Best practices to use workers - Python / Docker

Hi there,

I have a python (Flask) app where users can upload an image.
My app then does some image processing, which can take a couple of seconds and uses some memory (500 MB to 1.5 GB). All of this works well, but I also have basically zero traffic at the moment :slight_smile:

Now I wanted to take care of scaling it and put the whole image processing part into a worker.

Since I am not very familiar with Python or Docker I would love to hear about the best practices, especially how to do it on Fly.io

I read a about “Running Multiple Processes Inside A Fly.io App” but I am unsure how this would work in python.

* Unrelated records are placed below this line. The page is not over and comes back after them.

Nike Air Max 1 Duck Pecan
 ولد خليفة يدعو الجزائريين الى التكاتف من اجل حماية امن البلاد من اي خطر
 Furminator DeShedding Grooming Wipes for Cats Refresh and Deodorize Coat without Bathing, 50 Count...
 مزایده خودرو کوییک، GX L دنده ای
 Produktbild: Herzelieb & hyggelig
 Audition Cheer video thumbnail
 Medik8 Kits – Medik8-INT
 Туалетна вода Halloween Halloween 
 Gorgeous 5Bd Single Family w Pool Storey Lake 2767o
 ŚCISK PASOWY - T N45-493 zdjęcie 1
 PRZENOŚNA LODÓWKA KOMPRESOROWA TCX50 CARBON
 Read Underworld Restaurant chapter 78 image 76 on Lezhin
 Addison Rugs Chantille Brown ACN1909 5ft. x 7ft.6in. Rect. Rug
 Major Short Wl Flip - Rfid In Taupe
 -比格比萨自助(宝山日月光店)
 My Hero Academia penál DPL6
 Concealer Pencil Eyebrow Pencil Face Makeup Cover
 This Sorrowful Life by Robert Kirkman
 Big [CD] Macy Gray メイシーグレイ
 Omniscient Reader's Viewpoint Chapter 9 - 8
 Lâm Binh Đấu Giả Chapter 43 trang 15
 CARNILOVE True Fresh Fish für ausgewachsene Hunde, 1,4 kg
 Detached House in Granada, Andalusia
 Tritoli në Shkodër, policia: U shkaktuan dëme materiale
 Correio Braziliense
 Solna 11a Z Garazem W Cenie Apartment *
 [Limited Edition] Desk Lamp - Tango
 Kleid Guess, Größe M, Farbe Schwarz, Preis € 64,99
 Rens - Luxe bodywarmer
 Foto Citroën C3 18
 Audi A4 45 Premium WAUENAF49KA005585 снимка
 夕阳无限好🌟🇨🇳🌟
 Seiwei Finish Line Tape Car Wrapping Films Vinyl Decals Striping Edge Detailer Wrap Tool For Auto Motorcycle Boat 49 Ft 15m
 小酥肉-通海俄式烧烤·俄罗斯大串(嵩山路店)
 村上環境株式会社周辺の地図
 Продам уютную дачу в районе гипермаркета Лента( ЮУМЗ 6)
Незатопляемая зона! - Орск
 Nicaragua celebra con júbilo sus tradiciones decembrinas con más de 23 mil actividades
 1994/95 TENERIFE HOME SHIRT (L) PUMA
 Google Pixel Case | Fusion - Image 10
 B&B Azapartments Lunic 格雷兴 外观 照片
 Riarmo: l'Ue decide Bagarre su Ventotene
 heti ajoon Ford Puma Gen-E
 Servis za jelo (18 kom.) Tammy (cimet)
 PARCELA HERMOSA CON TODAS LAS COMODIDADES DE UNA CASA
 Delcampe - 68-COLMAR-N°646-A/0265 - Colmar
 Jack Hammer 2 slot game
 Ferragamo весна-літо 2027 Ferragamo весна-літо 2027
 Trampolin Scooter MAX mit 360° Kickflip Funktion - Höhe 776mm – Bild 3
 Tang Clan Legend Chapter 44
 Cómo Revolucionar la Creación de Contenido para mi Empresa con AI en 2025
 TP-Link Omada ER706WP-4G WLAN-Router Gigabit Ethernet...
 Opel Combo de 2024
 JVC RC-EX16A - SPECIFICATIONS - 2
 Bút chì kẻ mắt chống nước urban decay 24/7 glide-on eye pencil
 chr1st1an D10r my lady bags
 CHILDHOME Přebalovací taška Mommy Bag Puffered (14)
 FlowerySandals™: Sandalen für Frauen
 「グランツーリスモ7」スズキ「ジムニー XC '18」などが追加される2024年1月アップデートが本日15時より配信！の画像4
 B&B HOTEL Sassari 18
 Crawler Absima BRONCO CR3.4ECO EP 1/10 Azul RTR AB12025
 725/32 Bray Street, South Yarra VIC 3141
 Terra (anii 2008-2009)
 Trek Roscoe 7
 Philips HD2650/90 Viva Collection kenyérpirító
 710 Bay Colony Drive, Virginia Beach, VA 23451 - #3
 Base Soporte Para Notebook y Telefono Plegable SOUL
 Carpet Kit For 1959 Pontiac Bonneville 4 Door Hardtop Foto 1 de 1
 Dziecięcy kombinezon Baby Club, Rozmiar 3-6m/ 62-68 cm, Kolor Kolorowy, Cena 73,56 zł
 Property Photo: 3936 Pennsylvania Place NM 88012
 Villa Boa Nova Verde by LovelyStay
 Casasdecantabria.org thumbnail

In general I want to achieve something like this:

worker.addToQueue(payload) # Starts another independent python program

onWorkerFinished(result)

Thank you for any help!

I think running multiple processes is what you’re looking for. You basically want to define the web app and the worker in the services section and expose the web service in the [http_service] section of the fly.toml like so:

[processes]
app = "gunicorn app:app --log-level 'info'" //or whichever run command you prefer to use
worker = "celery -A appname worker -l INFO" // assuming you're using celery for your worker
...
//some other fly.toml config
...
[http_service]
  processes = ["app"]

As for your worker, you might want to look into a task queue like celery to handle image processing. Here’s an example of a fly.toml file in a python app if it’s helpful → Preview: multi process apps (get your workers here!) - #13 by lmzbonack

Thank you, that points me into a good direction!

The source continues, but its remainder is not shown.